Creature of the Walking Dead is a 1965 horror film re-edited by Jerry Warren from a 1961 Mexican horror film La Marca del Muerto, which translates as Mark of the Dead Man. The original Mexican film was directed by Fernando Cortés, written by Alfredo Varela Jr., and released in Mexico on October 12, 1961. The special effects was handled by Nicholas Reye.

== Plot==
Dr. Malthus (Fernando Casanova), a 19th-century mad scientist, discovers the secret of eternal youth by means of transfusing the blood of young women into his subjects. He is hung for his crimes, but decades later, his grandson (who looks just like him) inherits his home and revives him from the dead. Malthus then resumes his rejuvenation activities using himself as the subject and enabled by his grandson, who procures healthy young victims they can bleed. Fernando Casanova played both the mad scientist Dr. Malthus and his grandson in a dual role.

== Cast ==
- Ann Wells
- George Todd
- Willard Gross
- Bruno VeSota as Police Inspector
- Lloyd Nelson
- Katherine Victor

plus cast members of the original Mexican film:
- Fernando Casanova as Dr. Malthus and his grandson (dual role)
- Aurora Alvarado
- Rosa María Gallardo
- Hortensia Santonena
- Pedro d'Aguillón
- Edmundo Espino
- Sonia Furio

==Production==
Warren's contribution to the U.S. version of the film consisted of extensive editing, some dubbing of the Mexican players in select scenes, voice-over narration over most of the Mexican footage, and the inclusion of several brief scenes filmed by Warren in the United States with American actors. The Americanized version was released on June 15, 1965.
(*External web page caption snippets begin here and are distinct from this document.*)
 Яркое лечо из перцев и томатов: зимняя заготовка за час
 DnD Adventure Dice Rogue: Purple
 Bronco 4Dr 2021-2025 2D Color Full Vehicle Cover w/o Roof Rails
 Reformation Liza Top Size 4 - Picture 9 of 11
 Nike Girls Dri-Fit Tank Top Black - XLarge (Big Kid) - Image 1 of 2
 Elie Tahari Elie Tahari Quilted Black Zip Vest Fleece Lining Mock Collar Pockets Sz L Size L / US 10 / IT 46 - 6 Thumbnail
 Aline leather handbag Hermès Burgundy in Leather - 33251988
Warren wrote actor Bruno Ve Sota into the film as a police inspector receiving a shoulder massage in the added American footage, and added some scenes starring Katherine Victor as a fortune teller conducting a seance. Although a "Rock Madison" was given top billing in the credits, modern sources state that "Rock Madison" was just a fake name made up by Jerry Warren to make his casts seem larger.

==Reception==

On his website Fantastic Movie Musings and Ramblings, Dave Sindelar gave the film a negative review, criticizing the film's dialogue, and poor editing which Sindelar felt ruined any build-up of drama and tension.

Fred Olen Ray said "Whenever the original Spanish cast members are called upon to speak, we are treated to a constant stream of voice-over narration, supplied by the grandson, who conveniently explains what they are saying....Bruno Ve Sota, receiving one of cinema's longest arm massages, rattles on incessantly....It is maddening."